What were the environmental impacts of the flooding in Cumbria in 2015?

A
  • Large amounts of the fragile upland soils has been washed into the swollen streams, rivers and lakes and will have an impact on water quality and aquatic wildlife.
  • Millions of tons of sediment was transported by the river and deposited on floodplains and in settlements.
  • Thousands of trees which once lined rivers in the area affected were ripped from river banks.
  • Landslides occurred in many places as the result of heavy rainfall and the land becoming saturated.
38
Q

What were the human impacts of the flooding in Cumbria in 2015?

A
  • 2 deaths
  • 5,200 homes affected
  • Widespread travel disruption
  • Aprrox. 40 school closures
  • Disruption to NHS in Cumbria
  • Economic losses from Storm Desmond and Eva was estimated between £1.6 to 2.3 billion
  • Gov’t provided Cumbria and Lancashire county councils £50 million to make affected households more flood resistant
39
Q

What were the human (secondary) causes of the floods in Cumbria in 2015?

A
  • Impermeable surface building like roofs, pavements, roads and car parks
  • Impeding channel flow by building alongside rivers (e.g. bridge supports)
  • Straightening of historically meandering channels to increase flow causing flooding downstream
  • Deforestation (natural woodlands intercept rain, transpire moisture and tree roots help infiltration)
  • Pasture and ploughed do not allow infiltration in the same way natural grassland does
40
Q

What is the impact of climate change of inputs into drainage basin hydrological cycles?

A
  • Increasing average air temperatures = decreased snow, permafrost and ice coverage and so more meltwater and initially more flooding
  • Increasing average sea temperatures = increased condensation and cloud cover, increased precipitation in mid latitudes and low pressure regions of tropics but also increased high pressure systems increasing incidence and severity of drought
41
Q

What is the impact of climate change on outputs of drainage basin hydrological cycles?

A

Lead to greater outputs as greater initial evapotranspiration due to warmer air temperatures.

42
Q

How may climate change affect the Sahel desert?

A

Rains might fail with climate change if the tropical regions warm up.
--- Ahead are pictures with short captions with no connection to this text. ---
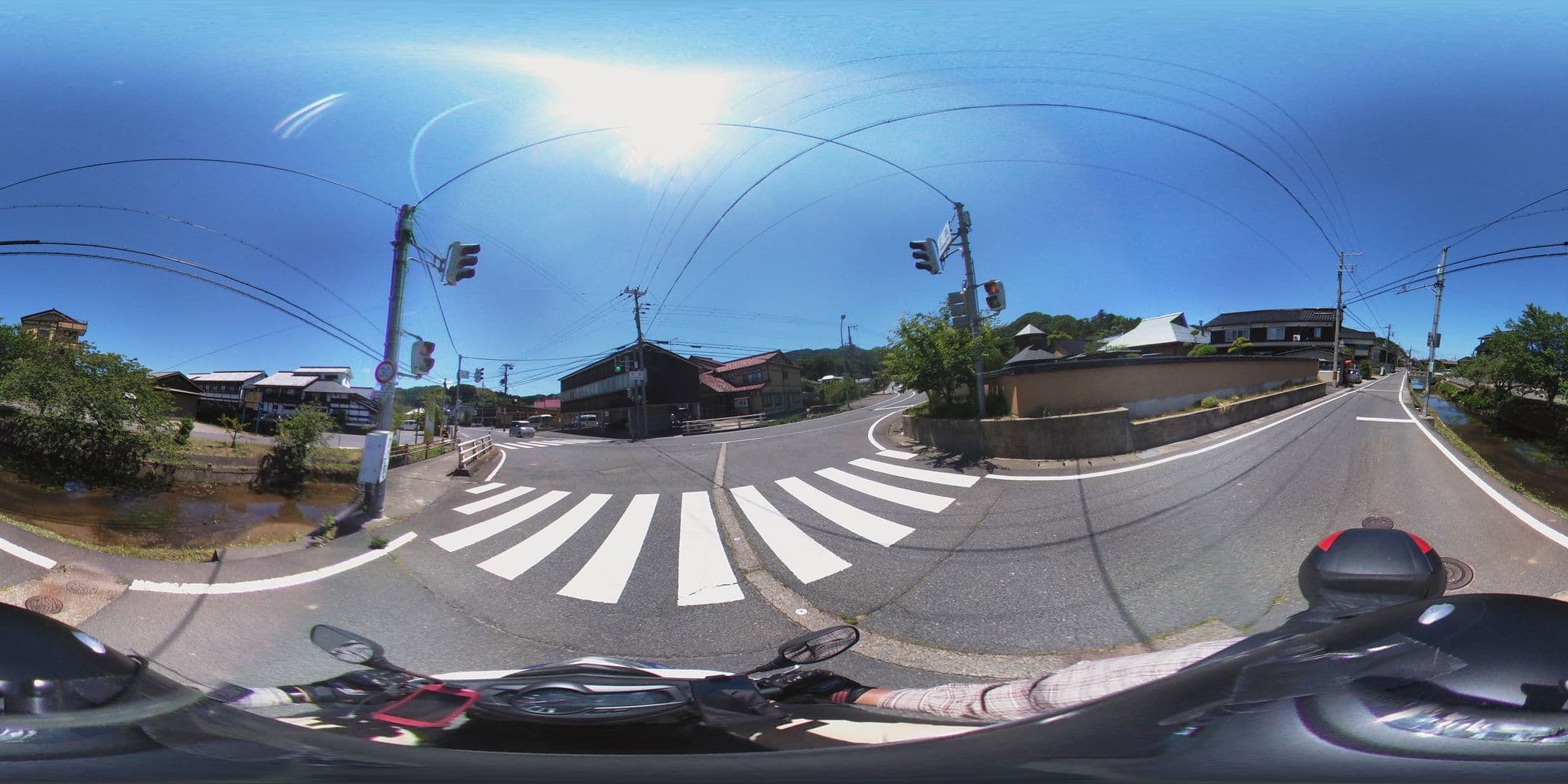 Street view near 山陰 香住温泉  荒神の宿 三宝, Kasumi — © harimawood (CC BY-SA · Mapillary)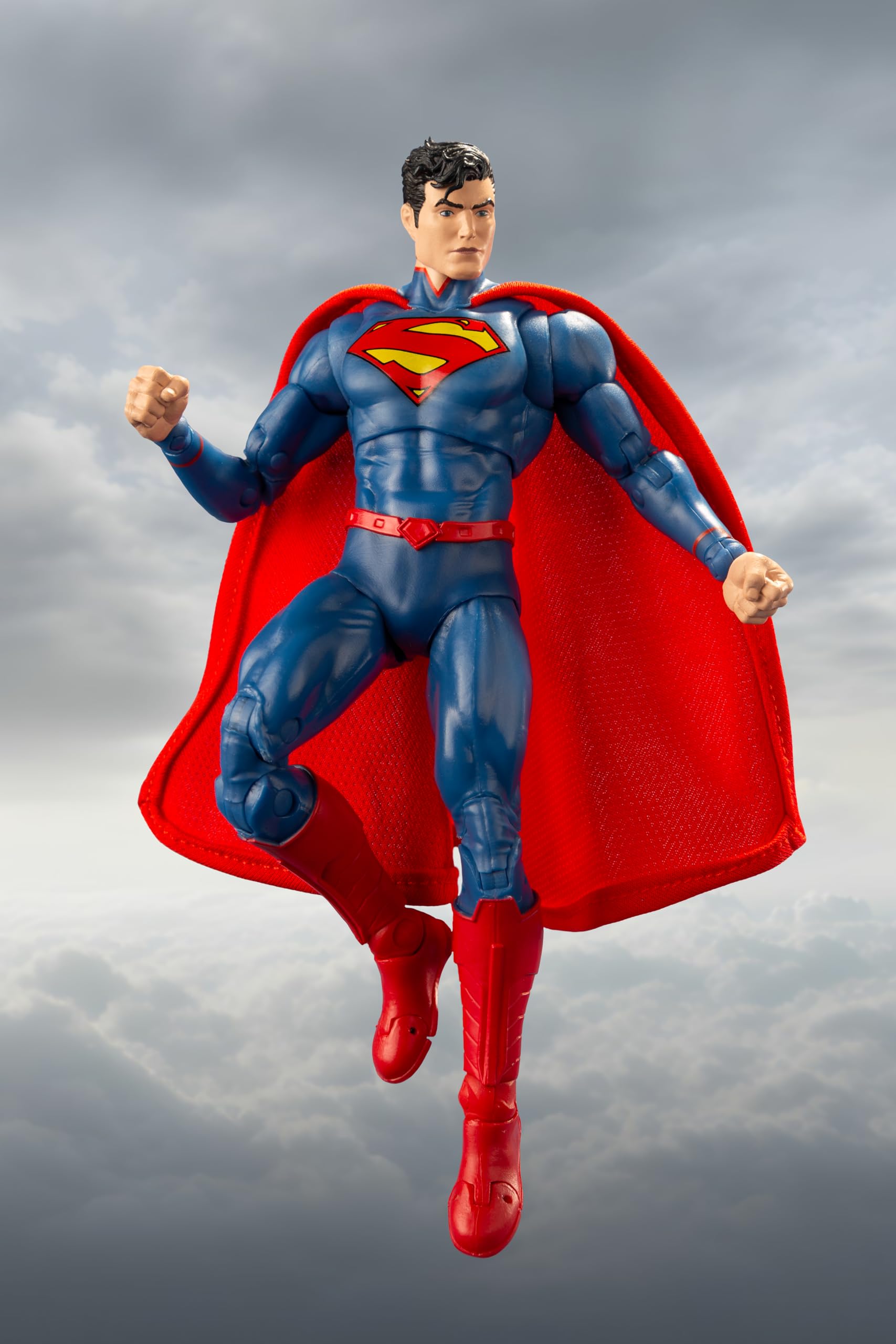 DC Multiverse Superman (nowa 52) złota etykieta dekoracyjna (17,8 cm)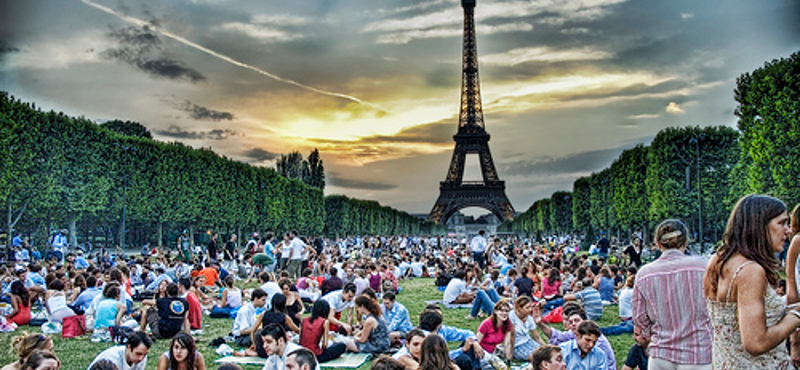 Rekord látogatottság az Eiffel-tornyon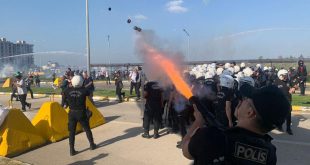 İncirlik Üssü'nde biber gazı ve toma ile müdahale! [Videolu]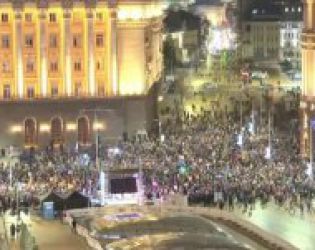 Протестът снощи: ФОТО НА НОЩТА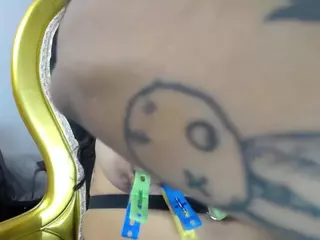 cabasweet-24's Live Sex Cam Show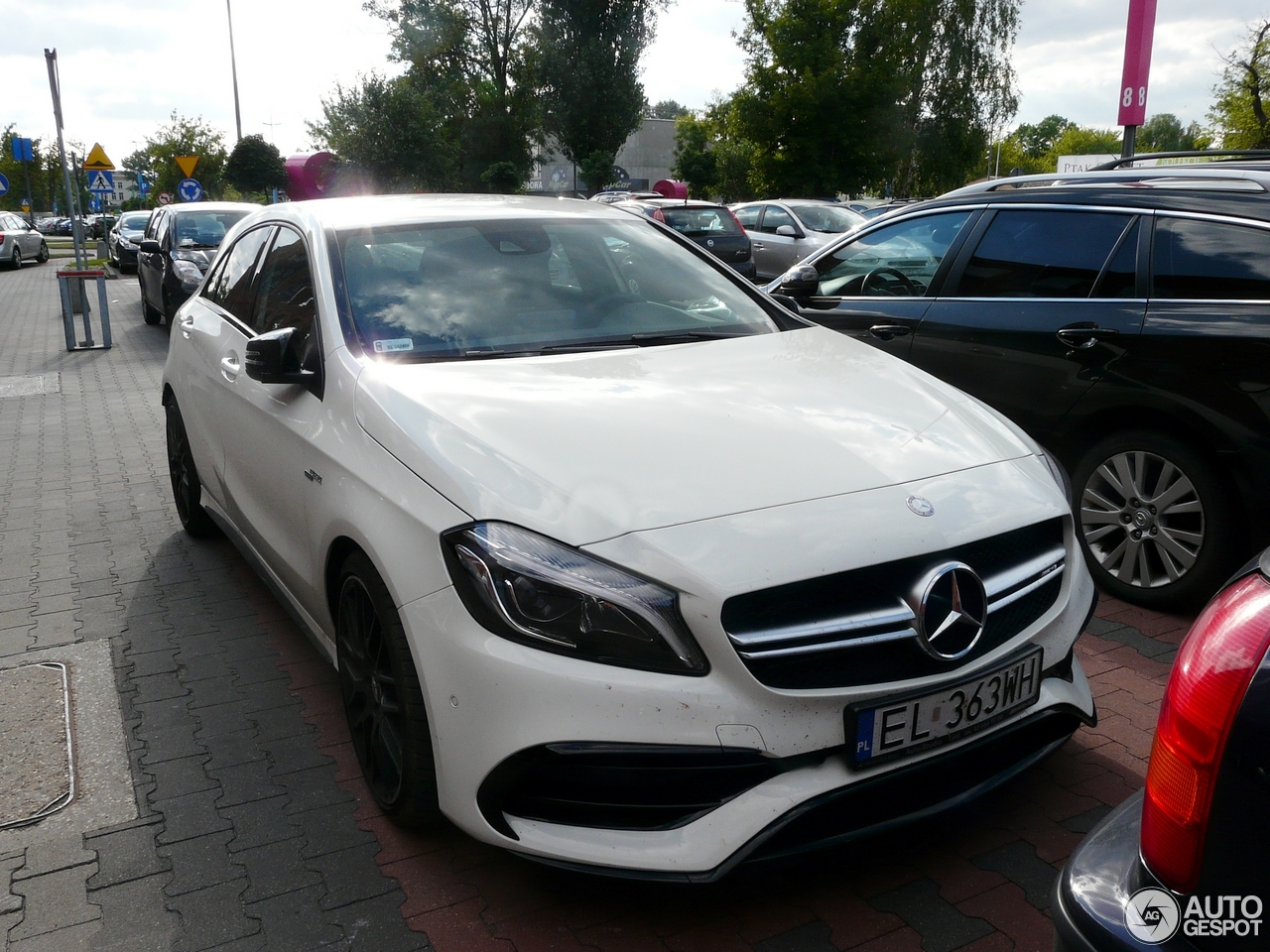 Mercedes-AMG A 45 W176 2015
The ITCZ wont migrate as far north and the ‘summer’ rains will fail.

43
Q

How may climate change affect California?

A

Increasingly falling precipitation levels and increased evaporation:

  • Droughts leading to more wildfires (3x normal in Sierra Nevada)
  • 30 year long mega droughts 50% chance of hitting SW California, 90% chance of decade long drought
  • Reservoir levels falling
  • Snowpack levels falling
  • Forested areas reverting to scrub and grassland
44
Q

Is there uncertainty about the impact of climate change on the water system (why?)

A

Precipitation will become more variable with increased risks of droughts and floods at different times and places. Ultimately climates will become more extreme and more extreme weather leading to flooding or droughts will be more commonplace for some areas of the world.

45
Q

How is uncertainty impacting on water security and supplies?

A

With a change in precipitation, temperature and potential E/T the severity and occurrence of droughts will rise too (meaning water security is declining).

46
Q

How will droughts create uncertainties in the future?

A

Droughts create an uncertain future in terms of water security. Droughts do not only mean that people in affected regions need to prepare to have less water in the future for drinking or households, but droughts can also lead to other big issues like crop failure and forest fires which can devastate regions more than a lack of water for households.